From the line containing "爆誕シュート　ベイブレード　セット品" to the end of the data, retype every line exactly and nothing else. Drop the pictures.

Dataset items
++++++

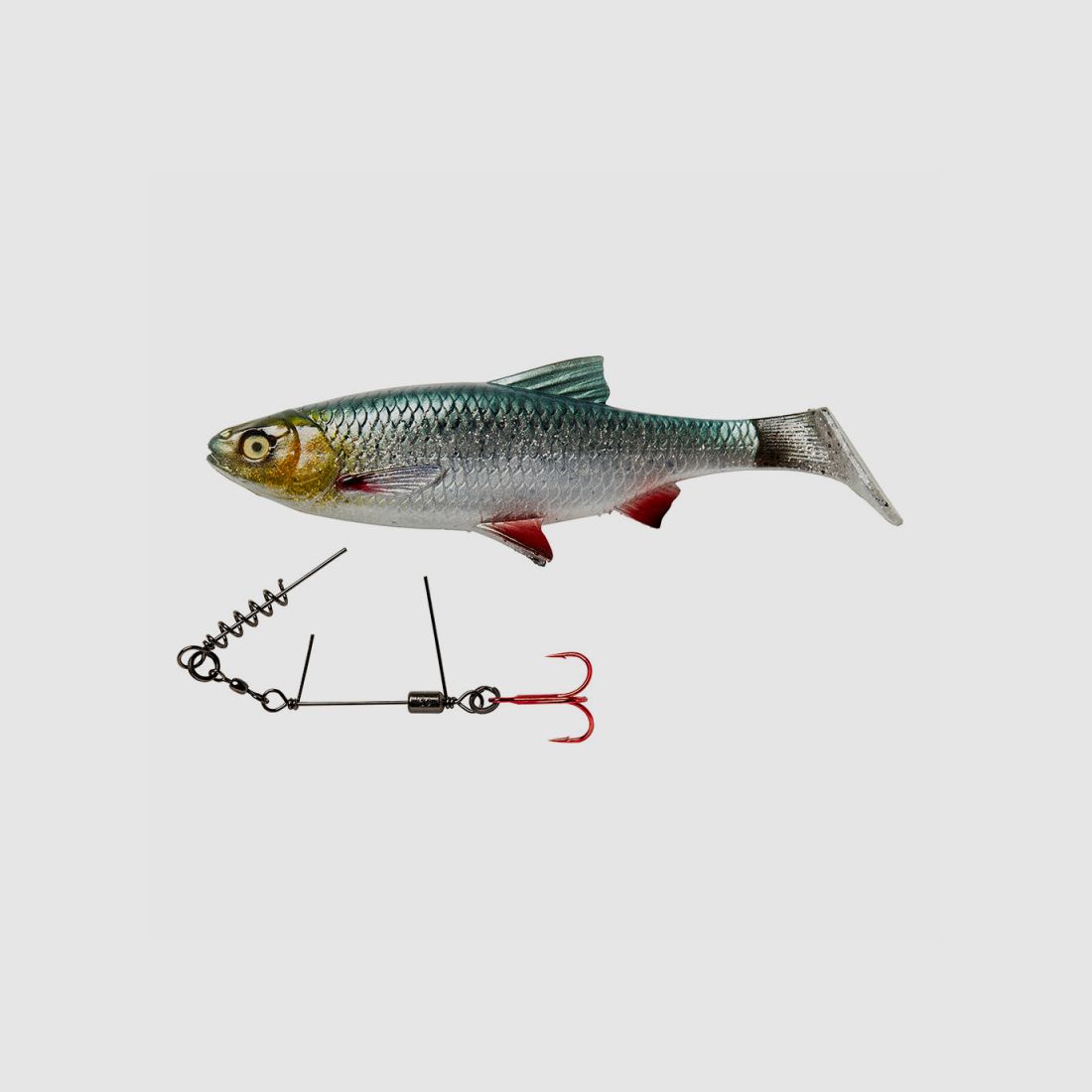 MONTAGE SAVAGE GEAR SS CORKSCREW STINGER, afbeelding 2 van 3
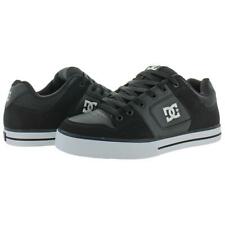 DC Shoes Pure Men's Leather Low Top Classic Skateboarding Sneakers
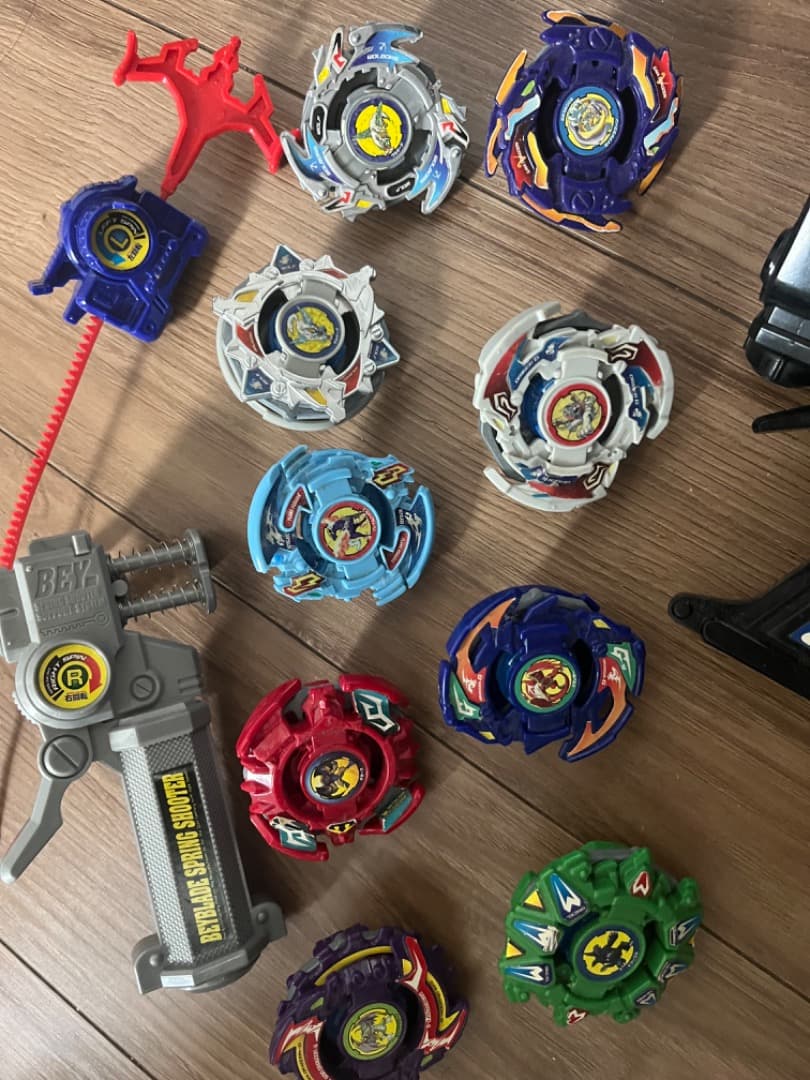 爆誕シュート　ベイブレード　セット品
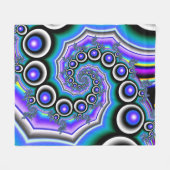 Pearl Spiral Fleece Blanket (Voorkant (Horizontaal))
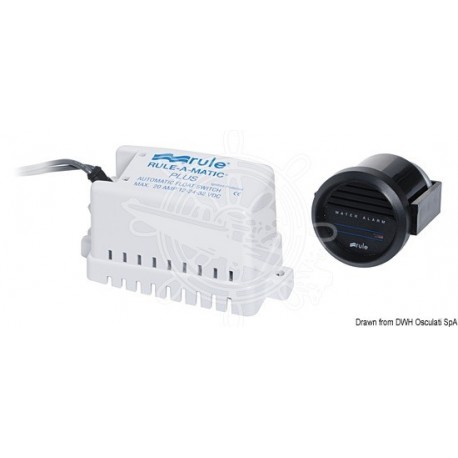 Alarme Rule niveau eau cale 12 V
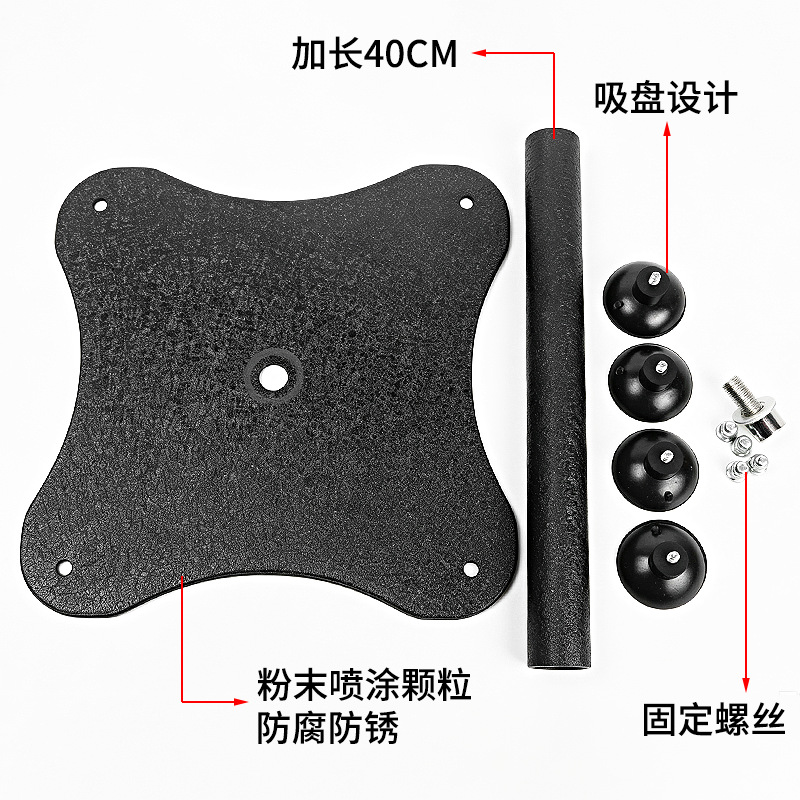 Suitable for electric vehicle front shock absorber display stand, professional motorcycle wheel repair stand, stainless steel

++++++

Answer to this exercise:
 爆誕シュート　ベイブレード　セット品
 Pearl Spiral Fleece Blanket (Voorkant (Horizontaal))
 Alarme Rule niveau eau cale 12 V
 Suitable for electric vehicle front shock absorber display stand, professional motorcycle wheel repair stand, stainless steel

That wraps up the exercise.